Two points on sides AB and AC of a triangle

Question

How to determine using only the straightedge and compass the points P and Q on the sides AB and AC of a given triangle ABC such that the triangle APQ and the quadrilateral BPQC have the same surface and the segment PQ has the minimal possible length?

Answer 1

Draw a normal to $BC$ form $A$, call the length $\alpha$ . Draw another normal from $A$ to $PQ$, this will be called $\beta$ .

If $\frac{\alpha}{\beta} = s$, then $\frac{BC}{PQ} = s$ (Teaser : Find out the theorem yourself)

so, you want ($\frac{1}{2} \beta PQ = \frac{1}{2}(\alpha BC - \beta PQ)$).

Rewrite $BC$ and $\alpha$, and you get ($s^2 -1 = 1$) $ \implies s = \sqrt{2}$

Now you need to construct a segment $AP$ with $AP:PB = 1:\sqrt{2}-1$, and same with $q$.

Read this : http://www.mymathforum.com/viewtopic.php?f=13&t=32876 and this : http://www.mathopenref.com/constdividesegment.html

Answer 2

The least $PQ$ occurs when $AP = AQ$.

Let $AB=c$, $AC=b$ and $m(\angle A)=\alpha$.

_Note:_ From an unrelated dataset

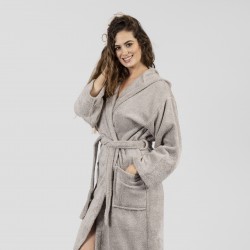 Albornoz capucha perla 450gr Unisex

We know that $Area_{APQ} = \frac{1}{2} Area_{ABC}$, then we have: $$\frac{1}{2} AP^2\sin\alpha =\frac{1}{2} \frac{1}{2} cb\sin\alpha \Rightarrow$$ $$AP=\sqrt{\frac{cb}{2}}.$$ Therefore $AP$ is the geometric mean of $c$ and $\frac{b}{2}$. We only have a solution if $\frac{c}{2} < b <2c$.

The construction is shown below:

EDIT.

(A short proof of the first statement)

Let $Area_{ABC}=S$, and $AP =x$ (where $S$ and $x$ are positive real numbers), then:

$$\frac{1}{2} AP \cdot AQ \sin\alpha = \frac{S}{2} \Rightarrow$$ $$\Rightarrow x AQ= \frac{S}{\sin\alpha} \Rightarrow$$ $$\Rightarrow AQ= \frac{S}{x \sin\alpha}. \quad (1)$$ But we know that $$PQ^2=AP^2 + AQ^2 -2AP \cdot PQ \cos \alpha \quad(2) $$ Substituting $(1)$ in $(2)$ we get: $$PQ^2= x^2 + (\frac{S}{x \sin\alpha})^2 - \frac{2S}{\tan \alpha} \Rightarrow $$ $$PQ= \sqrt{x^2 + (\frac{S}{x \sin\alpha})^2 - \frac{2S}{\tan \alpha}}. \quad(3) $$ At the minimal point the derivative of $PQ$ equals zero, so: $$2x+\frac{-2S^2}{x^3 \sin^2\alpha }=0 \Rightarrow$$ $$\Rightarrow x^4= \frac{S^2}{\sin^2\alpha} \Rightarrow$$ $$\Rightarrow x=\sqrt{\frac{S}{\sin\alpha}}. \quad(4)$$ Substituting $(4)$ in $(1)$, we get: $$AP=AQ=x=\sqrt{\frac{S}{\sin\alpha}}$$ Therefore the least $PQ$ occurs when $AP=AQ$.